Over time the skills of traditional globemaking were lost to factory manufacture and with no one left to pass on the secrets of the lost craft, Bellerby set out to teach himself, spending 18 months learning just to place paper gores on to the globe. This was followed by tireless months deducing everything from how to weight the globe to ensure it spins perfectly, through to finding the recipe for the perfect adhesive. “It’s nice being able to know you did something entirely under your own steam,” says Bellerby. “I didn’t like being taught at school.” Two years later his persistence paid off, as he emerged with his first globe ready for sale.

Today Bellerby’s team of craftspeople, who are drawn from a diverse range of backgrounds in everything from fine art to woodworking, take six months to fully qualify in the skills required to make a Bellerby & Co. globe. Although artistic training is useful, Bellerby believes the most important qualities are personality-based. “The key ingredients are bloody-mindedness, persistence and patience,” he says. One wrong move in the finishing stages could undo hours of painstaking work, so Bellerby’s team are meditative in their calm as they delicately hand-paint minute details on to each globe.

Options range from modest-sized desk globes with a diameter of 23cm, through to giant versions at 1.27 metres, which require 180 hours of detailed painting.

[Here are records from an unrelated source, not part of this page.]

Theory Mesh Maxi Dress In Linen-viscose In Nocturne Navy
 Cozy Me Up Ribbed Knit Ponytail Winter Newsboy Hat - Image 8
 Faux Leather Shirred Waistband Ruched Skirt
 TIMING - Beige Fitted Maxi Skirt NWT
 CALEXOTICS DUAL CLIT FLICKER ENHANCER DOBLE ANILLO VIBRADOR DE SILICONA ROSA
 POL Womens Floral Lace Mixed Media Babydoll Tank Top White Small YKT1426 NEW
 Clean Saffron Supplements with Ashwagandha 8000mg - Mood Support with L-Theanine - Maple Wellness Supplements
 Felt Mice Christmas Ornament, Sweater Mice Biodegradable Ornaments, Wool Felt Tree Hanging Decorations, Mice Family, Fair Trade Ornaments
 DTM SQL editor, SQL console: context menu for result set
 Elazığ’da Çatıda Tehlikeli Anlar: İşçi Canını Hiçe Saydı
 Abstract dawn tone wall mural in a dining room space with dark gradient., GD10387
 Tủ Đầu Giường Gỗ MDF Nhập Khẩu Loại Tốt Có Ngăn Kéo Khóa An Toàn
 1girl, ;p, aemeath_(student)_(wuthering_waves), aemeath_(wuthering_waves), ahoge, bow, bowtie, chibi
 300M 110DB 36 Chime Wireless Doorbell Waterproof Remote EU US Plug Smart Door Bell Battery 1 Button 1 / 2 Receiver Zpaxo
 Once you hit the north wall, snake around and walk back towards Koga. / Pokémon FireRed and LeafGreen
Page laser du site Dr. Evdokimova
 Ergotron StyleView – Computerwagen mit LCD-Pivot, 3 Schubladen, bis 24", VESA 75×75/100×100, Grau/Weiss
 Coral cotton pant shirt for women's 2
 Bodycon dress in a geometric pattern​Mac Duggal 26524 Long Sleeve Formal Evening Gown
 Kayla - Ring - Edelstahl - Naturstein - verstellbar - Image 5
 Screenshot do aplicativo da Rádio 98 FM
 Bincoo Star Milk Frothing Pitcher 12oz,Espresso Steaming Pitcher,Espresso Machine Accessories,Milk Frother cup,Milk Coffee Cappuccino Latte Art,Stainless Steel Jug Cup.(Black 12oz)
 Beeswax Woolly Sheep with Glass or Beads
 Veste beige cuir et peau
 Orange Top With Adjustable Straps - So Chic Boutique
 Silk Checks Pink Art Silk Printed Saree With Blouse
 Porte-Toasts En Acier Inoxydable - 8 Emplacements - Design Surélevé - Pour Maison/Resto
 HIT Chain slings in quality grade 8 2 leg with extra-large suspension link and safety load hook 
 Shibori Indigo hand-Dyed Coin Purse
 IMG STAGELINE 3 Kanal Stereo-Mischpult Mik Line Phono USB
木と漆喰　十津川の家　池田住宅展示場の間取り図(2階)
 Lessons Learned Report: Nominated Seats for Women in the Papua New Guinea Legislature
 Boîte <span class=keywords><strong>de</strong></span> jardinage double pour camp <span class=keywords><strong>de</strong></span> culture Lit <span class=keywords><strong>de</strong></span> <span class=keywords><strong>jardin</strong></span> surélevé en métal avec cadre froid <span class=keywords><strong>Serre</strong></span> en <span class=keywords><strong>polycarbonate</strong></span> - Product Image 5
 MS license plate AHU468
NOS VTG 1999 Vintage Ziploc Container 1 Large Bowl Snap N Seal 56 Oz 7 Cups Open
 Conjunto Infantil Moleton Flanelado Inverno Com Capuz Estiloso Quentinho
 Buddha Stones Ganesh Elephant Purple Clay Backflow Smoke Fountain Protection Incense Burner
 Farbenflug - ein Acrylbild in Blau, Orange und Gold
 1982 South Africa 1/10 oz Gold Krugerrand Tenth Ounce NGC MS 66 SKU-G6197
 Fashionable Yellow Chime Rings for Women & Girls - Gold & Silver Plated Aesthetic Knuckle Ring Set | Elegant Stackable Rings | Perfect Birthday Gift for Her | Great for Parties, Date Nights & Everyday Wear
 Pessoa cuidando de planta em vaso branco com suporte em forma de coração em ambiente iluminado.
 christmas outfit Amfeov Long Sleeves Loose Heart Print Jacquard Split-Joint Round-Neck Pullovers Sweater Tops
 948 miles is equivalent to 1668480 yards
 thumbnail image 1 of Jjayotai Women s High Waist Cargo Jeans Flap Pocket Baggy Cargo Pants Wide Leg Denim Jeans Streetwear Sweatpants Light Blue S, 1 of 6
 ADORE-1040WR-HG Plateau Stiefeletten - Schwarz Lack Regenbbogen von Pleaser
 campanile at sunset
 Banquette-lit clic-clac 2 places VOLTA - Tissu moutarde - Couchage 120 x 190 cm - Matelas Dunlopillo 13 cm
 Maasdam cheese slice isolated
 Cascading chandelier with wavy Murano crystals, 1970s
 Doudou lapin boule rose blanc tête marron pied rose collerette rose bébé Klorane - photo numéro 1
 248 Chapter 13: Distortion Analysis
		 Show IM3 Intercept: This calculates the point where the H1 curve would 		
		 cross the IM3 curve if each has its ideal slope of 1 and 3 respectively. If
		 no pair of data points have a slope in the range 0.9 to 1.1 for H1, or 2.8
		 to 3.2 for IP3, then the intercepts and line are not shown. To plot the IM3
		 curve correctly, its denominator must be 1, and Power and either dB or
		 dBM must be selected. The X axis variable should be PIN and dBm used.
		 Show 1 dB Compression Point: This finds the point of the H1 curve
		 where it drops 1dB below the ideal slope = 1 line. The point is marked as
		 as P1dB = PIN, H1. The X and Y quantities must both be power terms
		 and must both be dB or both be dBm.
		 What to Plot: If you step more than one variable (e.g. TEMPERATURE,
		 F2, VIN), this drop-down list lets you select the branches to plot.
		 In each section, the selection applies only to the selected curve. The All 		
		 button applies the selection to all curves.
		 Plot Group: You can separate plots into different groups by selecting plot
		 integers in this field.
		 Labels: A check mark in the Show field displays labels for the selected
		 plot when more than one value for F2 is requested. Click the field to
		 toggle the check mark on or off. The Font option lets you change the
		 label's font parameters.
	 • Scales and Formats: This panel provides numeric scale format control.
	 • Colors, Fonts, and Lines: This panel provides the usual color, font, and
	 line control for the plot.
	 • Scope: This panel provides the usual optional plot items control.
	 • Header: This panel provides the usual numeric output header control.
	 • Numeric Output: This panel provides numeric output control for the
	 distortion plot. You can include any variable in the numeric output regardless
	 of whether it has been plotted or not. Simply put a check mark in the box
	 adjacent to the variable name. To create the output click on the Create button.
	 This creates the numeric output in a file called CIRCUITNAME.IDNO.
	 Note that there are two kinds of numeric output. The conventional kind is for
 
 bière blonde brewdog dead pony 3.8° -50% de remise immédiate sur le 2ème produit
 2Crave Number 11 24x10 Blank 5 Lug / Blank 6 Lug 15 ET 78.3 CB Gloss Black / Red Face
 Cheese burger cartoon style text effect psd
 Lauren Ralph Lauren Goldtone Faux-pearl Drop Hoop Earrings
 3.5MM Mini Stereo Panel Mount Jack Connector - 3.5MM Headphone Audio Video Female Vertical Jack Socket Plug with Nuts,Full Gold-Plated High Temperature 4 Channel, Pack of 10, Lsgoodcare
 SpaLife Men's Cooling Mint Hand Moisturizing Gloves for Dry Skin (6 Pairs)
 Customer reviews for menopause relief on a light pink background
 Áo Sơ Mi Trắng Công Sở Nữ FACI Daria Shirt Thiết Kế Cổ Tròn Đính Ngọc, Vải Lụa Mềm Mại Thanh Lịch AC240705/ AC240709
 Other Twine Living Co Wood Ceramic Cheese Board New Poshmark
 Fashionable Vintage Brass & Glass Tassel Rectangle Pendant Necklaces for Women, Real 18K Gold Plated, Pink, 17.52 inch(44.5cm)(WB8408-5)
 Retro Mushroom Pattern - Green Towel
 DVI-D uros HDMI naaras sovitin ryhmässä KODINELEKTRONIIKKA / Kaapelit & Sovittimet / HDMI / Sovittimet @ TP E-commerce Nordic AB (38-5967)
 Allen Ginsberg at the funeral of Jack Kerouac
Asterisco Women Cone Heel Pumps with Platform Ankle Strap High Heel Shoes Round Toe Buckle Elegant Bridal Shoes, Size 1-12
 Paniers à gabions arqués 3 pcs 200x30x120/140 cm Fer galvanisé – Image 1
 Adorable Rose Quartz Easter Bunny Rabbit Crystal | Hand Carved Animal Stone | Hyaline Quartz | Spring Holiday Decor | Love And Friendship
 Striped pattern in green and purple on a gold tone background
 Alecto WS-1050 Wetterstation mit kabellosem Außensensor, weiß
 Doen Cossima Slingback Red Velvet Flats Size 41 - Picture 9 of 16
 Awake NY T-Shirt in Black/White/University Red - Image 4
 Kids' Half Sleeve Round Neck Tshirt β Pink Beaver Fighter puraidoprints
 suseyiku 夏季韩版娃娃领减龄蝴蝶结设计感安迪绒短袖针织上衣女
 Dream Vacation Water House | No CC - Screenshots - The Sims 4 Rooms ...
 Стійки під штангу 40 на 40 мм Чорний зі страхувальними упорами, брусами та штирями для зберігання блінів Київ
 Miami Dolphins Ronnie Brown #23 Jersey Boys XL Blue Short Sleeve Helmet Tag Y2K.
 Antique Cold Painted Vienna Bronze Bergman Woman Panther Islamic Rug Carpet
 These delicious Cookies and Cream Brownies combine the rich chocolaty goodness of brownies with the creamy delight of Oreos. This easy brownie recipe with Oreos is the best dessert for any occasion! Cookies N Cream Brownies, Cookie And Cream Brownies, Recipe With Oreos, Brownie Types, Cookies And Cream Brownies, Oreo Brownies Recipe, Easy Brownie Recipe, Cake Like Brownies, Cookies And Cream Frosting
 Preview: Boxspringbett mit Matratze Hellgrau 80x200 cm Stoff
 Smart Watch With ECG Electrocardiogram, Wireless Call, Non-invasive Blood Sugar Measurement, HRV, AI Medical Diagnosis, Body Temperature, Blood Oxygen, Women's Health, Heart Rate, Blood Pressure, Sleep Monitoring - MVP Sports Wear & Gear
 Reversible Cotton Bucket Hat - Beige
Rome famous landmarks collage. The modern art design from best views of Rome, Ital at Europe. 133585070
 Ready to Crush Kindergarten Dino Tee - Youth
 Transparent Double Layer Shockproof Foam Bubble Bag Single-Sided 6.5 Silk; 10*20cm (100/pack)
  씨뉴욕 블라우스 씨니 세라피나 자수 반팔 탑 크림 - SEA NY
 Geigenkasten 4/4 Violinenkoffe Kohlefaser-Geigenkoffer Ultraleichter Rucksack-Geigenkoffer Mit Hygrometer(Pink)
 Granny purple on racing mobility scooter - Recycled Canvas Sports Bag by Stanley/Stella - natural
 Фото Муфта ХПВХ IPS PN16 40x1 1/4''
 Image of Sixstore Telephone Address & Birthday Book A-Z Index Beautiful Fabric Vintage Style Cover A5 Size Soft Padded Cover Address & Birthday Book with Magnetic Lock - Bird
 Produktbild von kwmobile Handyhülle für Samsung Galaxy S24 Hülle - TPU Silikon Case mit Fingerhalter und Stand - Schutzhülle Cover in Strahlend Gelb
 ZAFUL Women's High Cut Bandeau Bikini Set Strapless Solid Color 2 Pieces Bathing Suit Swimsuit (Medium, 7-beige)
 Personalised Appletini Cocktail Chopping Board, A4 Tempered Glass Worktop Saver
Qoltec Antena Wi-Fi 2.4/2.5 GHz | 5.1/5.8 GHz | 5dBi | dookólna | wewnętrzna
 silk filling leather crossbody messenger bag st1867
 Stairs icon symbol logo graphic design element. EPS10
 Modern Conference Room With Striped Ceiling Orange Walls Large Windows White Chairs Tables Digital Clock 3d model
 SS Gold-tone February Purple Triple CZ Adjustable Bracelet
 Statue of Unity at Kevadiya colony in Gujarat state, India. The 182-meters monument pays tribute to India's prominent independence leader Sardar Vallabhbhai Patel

Each globe is made to order, personalised with anything from engravings along the arm of the globe stand to tailored cartography. “We let customers add meaningful locations to the map,” says Bellerby. “A lot of people also request illustrations. For example, if a customer has travelled over the temples of Myanmar in a hot-air balloon, we’ll depict the scene in miniature at that location.” Everything from mythical sea monsters, family photos and love letters have been added to a globe, along with a new flourish Bellerby demonstrates – hand-painted gold edging that follows the coastline of every country, shimmering delicately when the light catches it.

From humble beginnings in Bellerby’s living room, the business has expanded at an unprecedented rate. “A year-and-a-half ago there were four of us working here, now there’s 14,” explains Bellerby. “A lot of our customers make the journey here from as far as Mexico, America and Australia as they love being involved in the process and seeing how we work. People are always intrigued by how globemaking is done.” Being based in London also gives Bellerby’s workshop a particular pedigree.

“People really respect London and the UK as a whole as a centre for excellence because we have a rich history of making,” he says. “Also, English people are often unable to compromise.” In an age where almost everyone has a smartphone with maps, Bellerby believes the appeal of a traditional globe is enduring. “I use Google Maps every day to get me from A to B, but it doesn’t help you make the decision to travel, it just helps you make the journey,” he says. “Globes inspire you to visit new places.”